Define the script by providing a script name and a list of script lines, composed of either strings or multi-line strings to self.es.create()

    #  to avoid typos I use constants for script names
    self.fnc_toggle_mouse = "toggle_mouse"

    # { and } must be escaped by doubling them
    toggle_mouse_sh = [
        f"""
{self.fnc_toggle_mouse}() {{
    #  This is so much easier to do in a proper script...
    old_state=$($TMUX_BIN show -gv mouse)
    if [ "$old_state" = "on" ]; then
        new_state="off"
    else
        new_state="on"
    fi
    $TMUX_BIN set -g mouse $new_state
    $TMUX_BIN display "mouse: $new_state"
}}"""
    ]
    self.es.create(self.fnc_toggle_mouse, toggle_mouse_sh)

The reason the script is expected to be a list of strings, is to make it easier to add lines depending on conditionals in case you need to do a version check or similar.

Calling scripts

In order to define when the script is run call self.es.run_it(script name), this will insert a run statement, in this case bound to a key:

w(f"bind -N 'Toggle mouse on/off'  M  {self.es.run_it(self.fnc_toggle_mouse)}")

With use_embedded_scripts = True the script will be embedded in the conf file and run thus:

bind -N 'Toggle mouse on/off'  M  run "cut -c3- ~/.tmux.conf | sh -s toggle_mouse"

With use_embedded_scripts = False the script will be stored in scripts/ next to plugins/ and run thus:

bind -N 'Toggle mouse on/off'  M  run "/Users/jaclu/.tmux/scripts/toggle_mouse.sh"

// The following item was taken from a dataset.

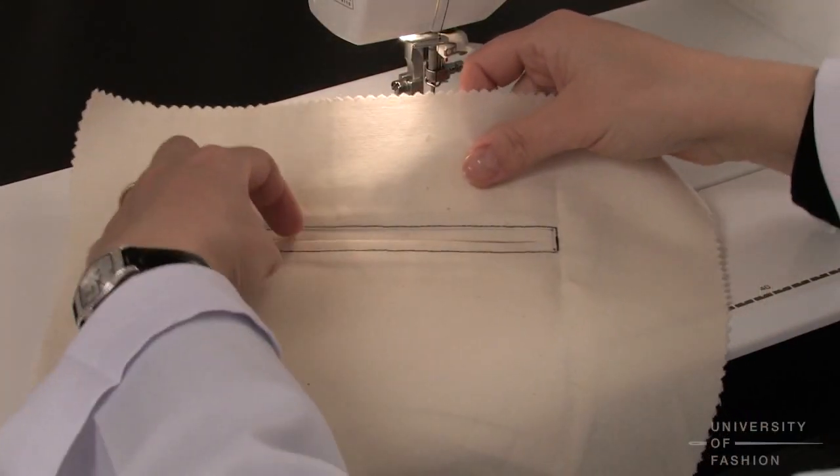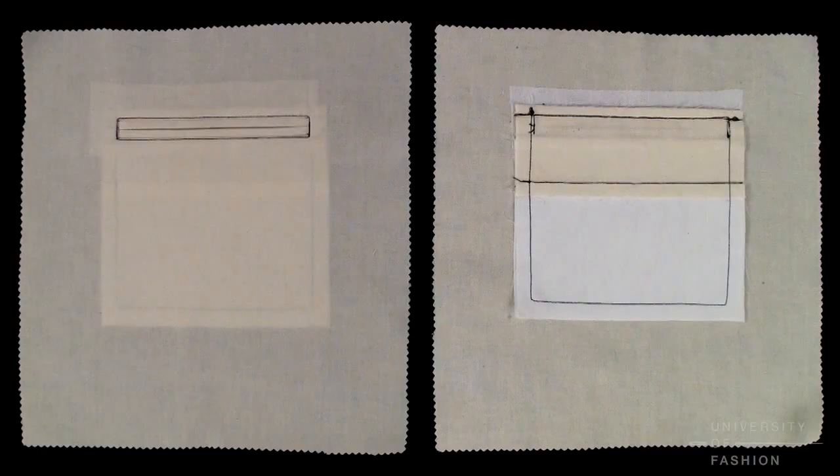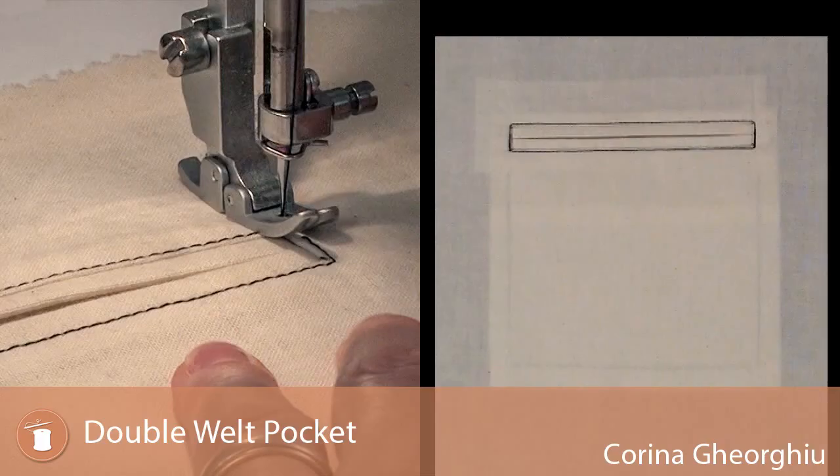If you'd like to try your hand at another popular tailored pocket, then check out our single welt pocket lesson. The single welt pocket is a classic and often used on the breast pocket of a jacket.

I prefer to use embedded scripts, this ensures that no out of date scripts hang around in scripts/ and eliminates risk of scripts not found if they are deleted, but either is valid so entirely up to you.

Calling another defined script

If you want one defined script to call another one, you can use this notation to be isolated from having to adopt to the scripts being embedded or external

...
{self.es.call_script(self.fnc_toggle_mouse)}
...

With use_embedded_scripts = True the script will be referred as a local function:

...
toggle_mouse
...

With use_embedded_scripts = False the script will be referred with absolute path and suffix:

...
/Users/jaclu/.tmux/scripts/toggle_mouse.sh
...

Background scripts

If the script is intended to run in the background add the param in_bg=True

w(f"bind -N 'Toggle mouse on/off'  M  {self.es.run_it(self.fnc_toggle_mouse, in_bg=True)}")

Resulting in:

bind -N 'Toggle mouse on/off'  M  run -b "cut -c3- ~/.tmux.conf | sh -s toggle_mouse"

Bash

Default is to assume /bin/sh style POSIX scripts. If bash functionality is needed, self.es.create() has an optional param use_bash that can be set to True

self.es.create(self.fnc_toggle_mouse, toggle_mouse_sh, use_bash=True)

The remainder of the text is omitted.